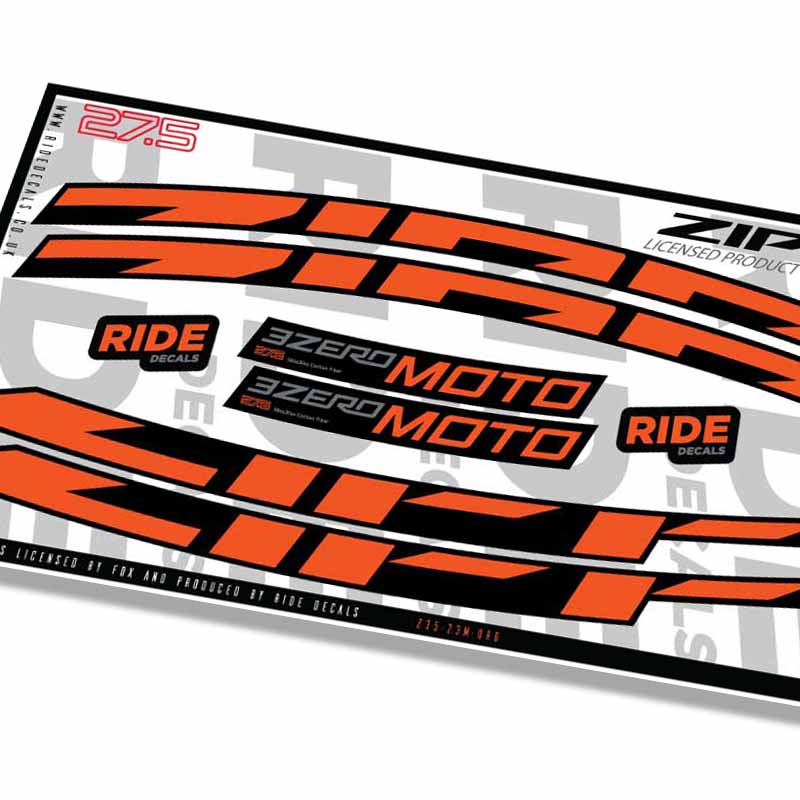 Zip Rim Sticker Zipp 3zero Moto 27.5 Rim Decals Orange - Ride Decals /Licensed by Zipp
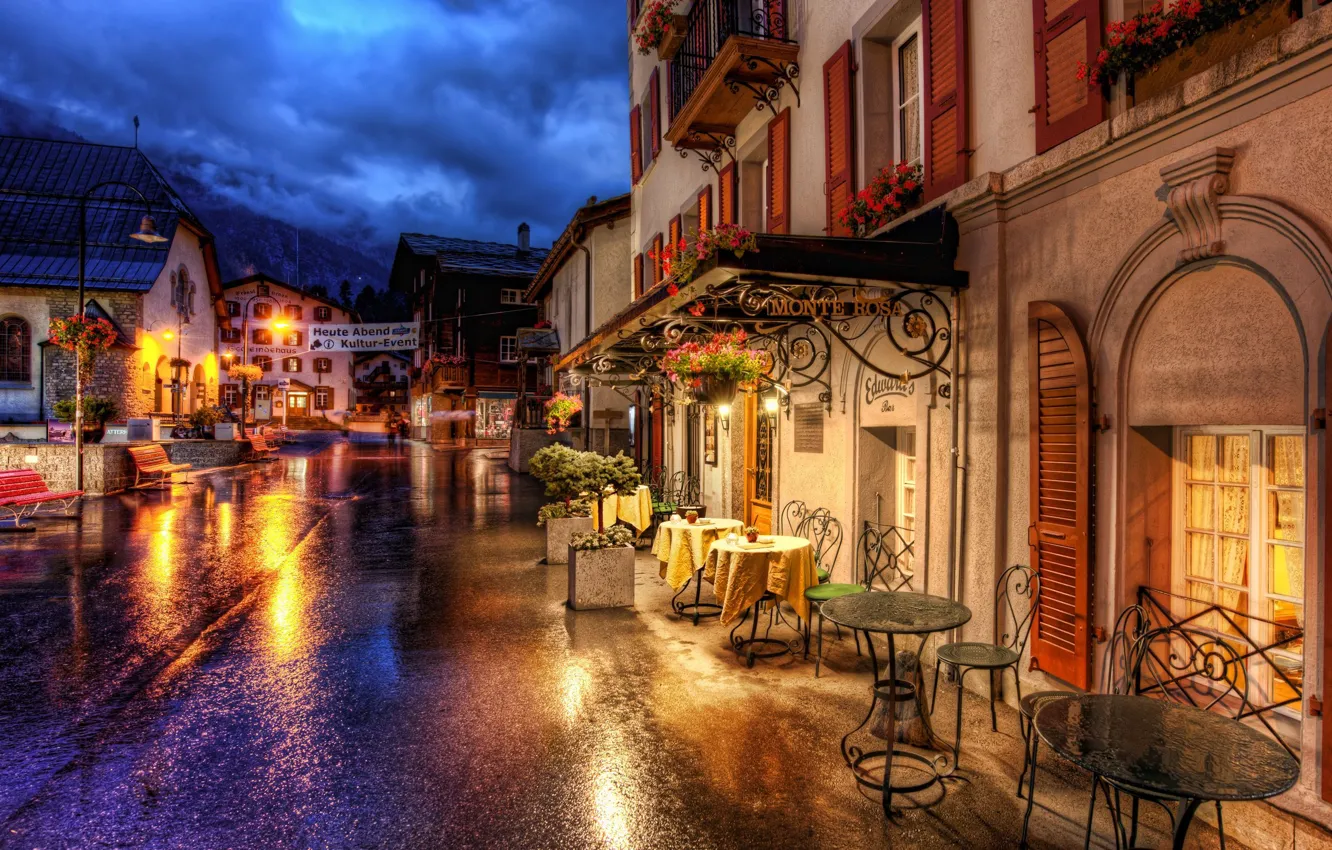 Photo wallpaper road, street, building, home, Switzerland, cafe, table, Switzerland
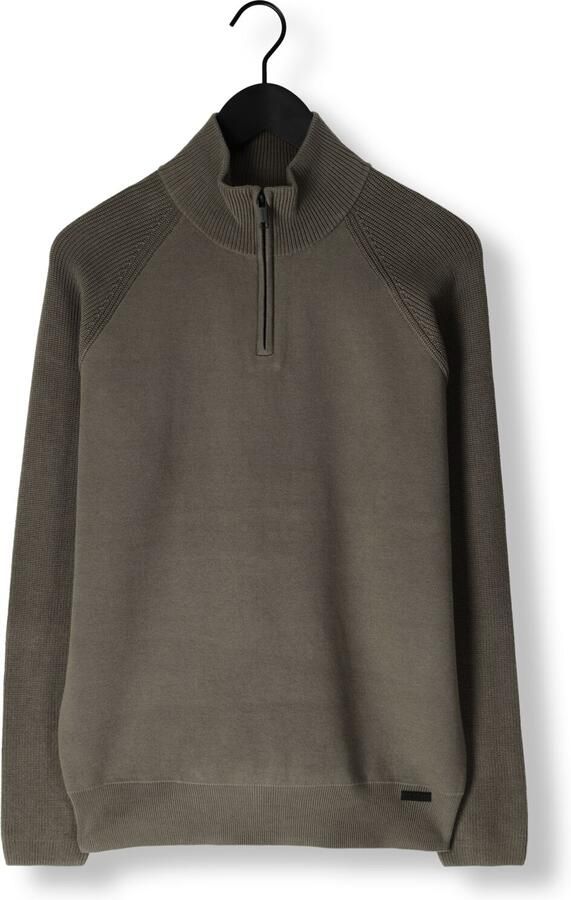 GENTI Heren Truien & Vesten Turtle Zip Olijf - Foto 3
———
EXERCISE INSTRUCTIONS: Here the job is to print all the data exactly, skipping any image.

SOLUTION TO THE EXERCISE:
 Zip Rim Sticker Zipp 3zero Moto 27.5 Rim Decals Orange - Ride Decals /Licensed by Zipp
 Photo wallpaper road, street, building, home, Switzerland, cafe, table, Switzerland
 GENTI Heren Truien & Vesten Turtle Zip Olijf - Foto 3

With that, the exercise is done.